Do you know what a gnome is?
posted by quin at 3:17 PM on July 20, 2007 [2 favorites]

...people who like to dress up as furry animals to keep tabs on us.
posted by anticlock at 3:22 PM on July 20, 2007

You know those phone party lines, where you're talking to like 30 other people? Yeah? And how the operator kicks you off for saying dirty words or trying to sell other people shit. And you get around it by like using acronyms and other clever stuff?

Yeah well, in the future, it'll be the same but with pictures.
posted by vacapinta at 3:24 PM on July 20, 2007 [2 favorites]

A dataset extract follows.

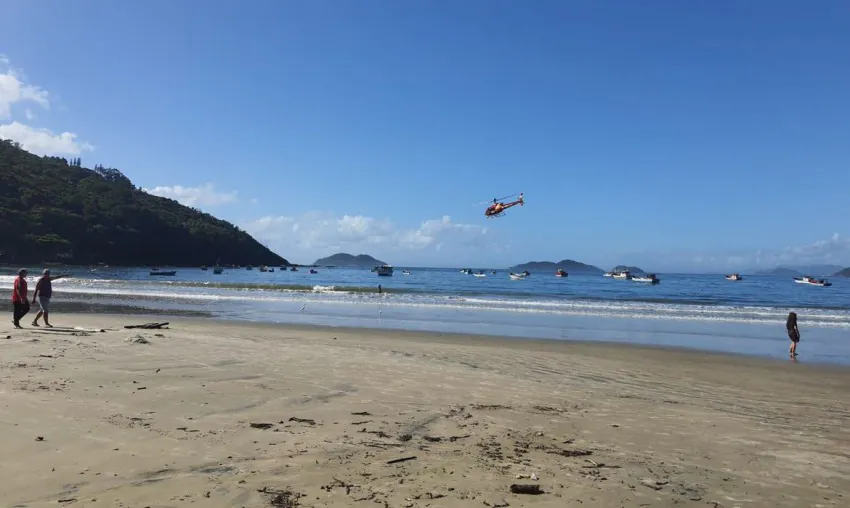 Tragédia: pescador morre em naufrágio de barco em Florianópolis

grumblebee: WOW is not on the web. It's on the internet Which is a superset of the web.
posted by delmoi at 3:24 PM on July 20, 2007

Wow, thanks for that, Malor. You didn't actually tell me anything I didn't already pretty much know, but you did encourage me to go check out Robert L. Forward, and he sounds like he'd be right up my alley.
posted by infinitywaltz at 3:28 PM on July 20, 2007

I think that in Sci-Fi, the first and foremost priority has to be writing a story that's relevant to the audience of the present day, and from there you're just going to get lucky or not. I still love Hitchhikers' Guide, though, because it was written about thirty years ago in a way which pretty accurately predicted lap-tops as they're used today.
posted by Navelgazer at 3:29 PM on July 20, 2007

I'm trying to frame the image that the phrase "robot filters that destroy spam" would have placed in my head in 1977 (at the age of seven), and just not quite managing it. I think it involves R2-D2 and a pink coffee maker.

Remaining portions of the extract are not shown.